Sencillo, sencillo hasta el escándalo, es este gigante de la bondad que nunca ha dejado de creer y de luchar por una Iglesia más pobre, más amable, más alegre y esperanzadora.  

Es impresionante la vida de este humilde sacerdote de Apucarana y obispo (de Ponta Grossa, Maringá y Brasilia), que junto a la religiosidad a prueba de bomba de sus padres, abrazó con provecho la espiritualidad de la unidad del Movimiento de los Focolares, que según confiesa, tanto le ha ayudado siempre a no perder el norte, a no renunciar a su deseo de ser sólo un niño evangélico.

Creo que para conocer a Joao hay que reconocer estos rasgos, de los que él es el primero en dar gracias a Dios: el de haber recibido la fortaleza de una fe incorruptible, la de haber tenido siempre los pies en la tierra, en la realidad cruda y dura tanto de las angustias y las tristezas como de las alegrías y las esperanzas de este mundo, que ya en su vida personal son, como sueña el Concilio Vaticano II, las angustias y las tristezas, las alegrías y las esperanzas de la Iglesia.

Y también la de haber tenido desde muy joven la oportunidad de vivir, a través de una espiritualidad concreta, la de la unidad, una tensión permanente no sólo a no perder lo esencial, sino a buscarlo con otros, junto a tantos laicos, jóvenes, familias, sacerdotes, obispos, junto a una porción del pueblo de Dios sencillo.

Por otro lado, los paisajes de la  vida de Joao Braz de Aviz son los paisajes de las periferias geográficas y existenciales de la Iglesia.
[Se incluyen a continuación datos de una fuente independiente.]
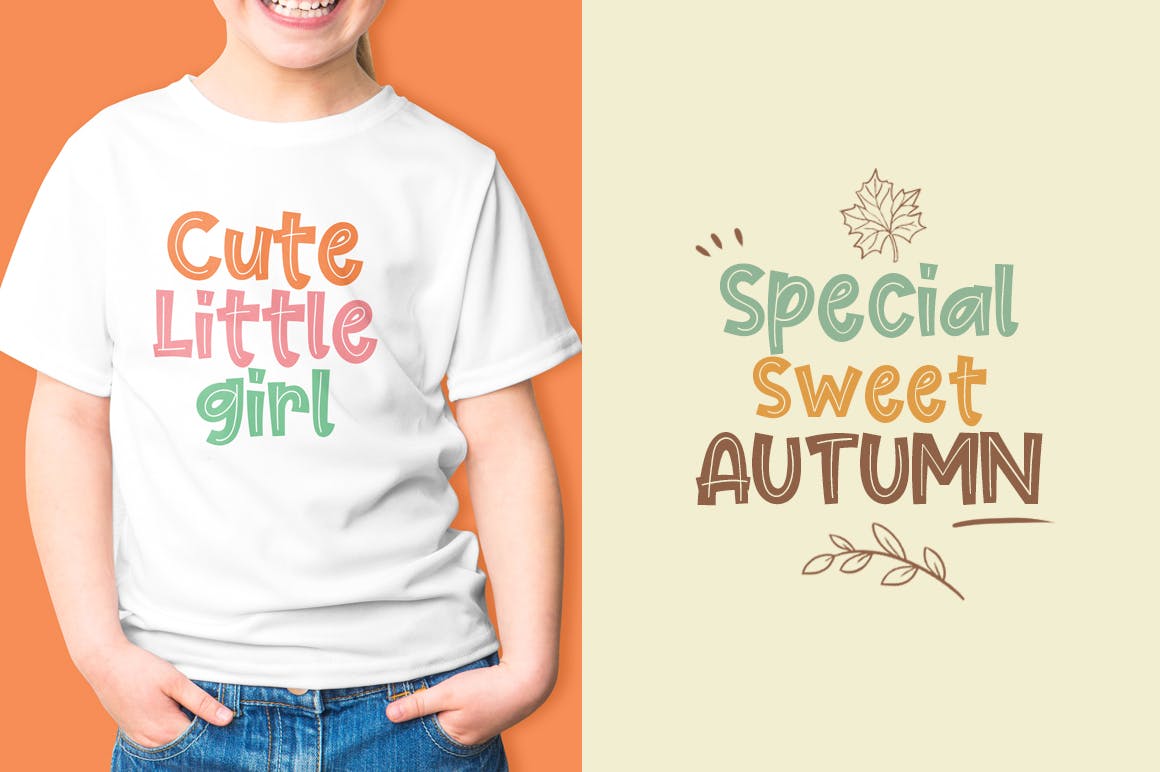 可爱风格枫叶装饰设计英文无衬线字体 Cute Maple Font插图(1)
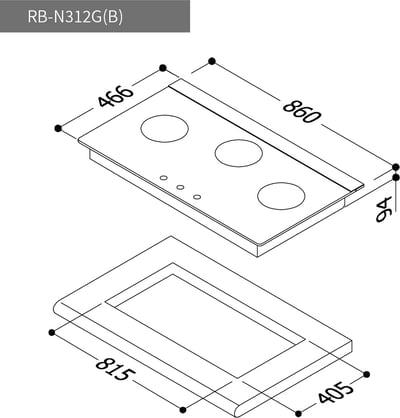 檯面式內焰玻璃三口爐-RB-N312G(B)2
El Brasil de los extremos sociales, el entorno laboral y familiar, el del origen y el de la emigración interna, e incluso el entorno de los seminarios por los que pasó, son, al menos para nosotros, periféricos. Para las curias eclesiásticas, incluidas las de los institutos y congregaciones religiosas, aunque menos, también.

En las periferias del mundo hay estructuras de pecado, almas devastadas, violencias desatadas, hay noches oscuras interminables, hay dolores insufribles. Joao Braz de Aviz las conoce bien. Por tener en su haber, no le falta ni siquiera el haber sido secuestrado y tiroteado, el haber salvado la vida de milagro, y el haber sufrido por ello el zarpazo de los traumas y las depresiones. 

En las periferias está Dios, porque está el hombre que sufre. Allí está Dios mucho más que en el despacho de una parroquia o de un obispado. Bendito sea también este Dios que le ha permitido a Joao -ahora es evidente que él lo ve así desde la fe- compartir la suerte de los desheredados, que en la paradoja evangélica son en cambio los bienaventurados. 

Pero hablar de periferias al hablar del cardenal Joao Braz de Aviz no es sólo hablar de una procedencia, sino de un modo de ser cristiano y de ser Iglesia. Precisamente, lo que es para el Papa Francisco. La sintonía entre ambos por eso es prodigiosa.